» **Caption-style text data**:
== == ==

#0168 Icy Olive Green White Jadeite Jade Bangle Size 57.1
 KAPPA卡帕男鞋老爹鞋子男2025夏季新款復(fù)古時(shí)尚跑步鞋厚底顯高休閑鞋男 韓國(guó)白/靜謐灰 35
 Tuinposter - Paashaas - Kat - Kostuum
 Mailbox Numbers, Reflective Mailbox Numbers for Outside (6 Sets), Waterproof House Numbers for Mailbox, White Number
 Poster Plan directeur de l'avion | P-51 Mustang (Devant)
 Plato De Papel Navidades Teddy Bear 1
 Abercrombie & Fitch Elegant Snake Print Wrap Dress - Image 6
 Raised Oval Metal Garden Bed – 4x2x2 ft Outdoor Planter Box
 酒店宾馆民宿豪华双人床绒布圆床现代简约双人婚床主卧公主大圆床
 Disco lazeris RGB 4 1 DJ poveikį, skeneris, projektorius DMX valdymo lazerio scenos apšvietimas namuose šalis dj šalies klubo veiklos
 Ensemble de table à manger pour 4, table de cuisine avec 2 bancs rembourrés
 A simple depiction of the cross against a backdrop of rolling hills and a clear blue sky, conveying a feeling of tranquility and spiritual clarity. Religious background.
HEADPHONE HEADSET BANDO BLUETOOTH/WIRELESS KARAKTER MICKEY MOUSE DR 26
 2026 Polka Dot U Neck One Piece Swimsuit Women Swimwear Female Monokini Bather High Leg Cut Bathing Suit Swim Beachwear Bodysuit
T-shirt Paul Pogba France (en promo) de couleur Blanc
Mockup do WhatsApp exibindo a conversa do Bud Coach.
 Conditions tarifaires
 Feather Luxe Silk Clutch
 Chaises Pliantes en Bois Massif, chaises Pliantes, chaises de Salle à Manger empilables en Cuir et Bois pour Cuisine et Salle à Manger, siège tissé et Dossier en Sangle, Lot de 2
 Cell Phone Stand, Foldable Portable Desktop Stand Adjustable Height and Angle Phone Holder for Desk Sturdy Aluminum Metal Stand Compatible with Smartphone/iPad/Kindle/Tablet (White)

== == ==

» **EXERCISE DESCRIPTION**: Transcribe every line of the records, keeping each one exact.

» **YOUR SOLUTION**:
#0168 Icy Olive Green White Jadeite Jade Bangle Size 57.1
 KAPPA卡帕男鞋老爹鞋子男2025夏季新款復(fù)古時(shí)尚跑步鞋厚底顯高休閑鞋男 韓國(guó)白/靜謐灰 35
 Tuinposter - Paashaas - Kat - Kostuum
 Mailbox Numbers, Reflective Mailbox Numbers for Outside (6 Sets), Waterproof House Numbers for Mailbox, White Number
 Poster Plan directeur de l'avion | P-51 Mustang (Devant)
 Plato De Papel Navidades Teddy Bear 1
 Abercrombie & Fitch Elegant Snake Print Wrap Dress - Image 6
 Raised Oval Metal Garden Bed – 4x2x2 ft Outdoor Planter Box
 酒店宾馆民宿豪华双人床绒布圆床现代简约双人婚床主卧公主大圆床
 Disco lazeris RGB 4 1 DJ poveikį, skeneris, projektorius DMX valdymo lazerio scenos apšvietimas namuose šalis dj šalies klubo veiklos
 Ensemble de table à manger pour 4, table de cuisine avec 2 bancs rembourrés
 A simple depiction of the cross against a backdrop of rolling hills and a clear blue sky, conveying a feeling of tranquility and spiritual clarity. Religious background.
HEADPHONE HEADSET BANDO BLUETOOTH/WIRELESS KARAKTER MICKEY MOUSE DR 26
 2026 Polka Dot U Neck One Piece Swimsuit Women Swimwear Female Monokini Bather High Leg Cut Bathing Suit Swim Beachwear Bodysuit
T-shirt Paul Pogba France (en promo) de couleur Blanc
Mockup do WhatsApp exibindo a conversa do Bud Coach.
 Conditions tarifaires
 Feather Luxe Silk Clutch
 Chaises Pliantes en Bois Massif, chaises Pliantes, chaises de Salle à Manger empilables en Cuir et Bois pour Cuisine et Salle à Manger, siège tissé et Dossier en Sangle, Lot de 2
 Cell Phone Stand, Foldable Portable Desktop Stand Adjustable Height and Angle Phone Holder for Desk Sturdy Aluminum Metal Stand Compatible with Smartphone/iPad/Kindle/Tablet (White)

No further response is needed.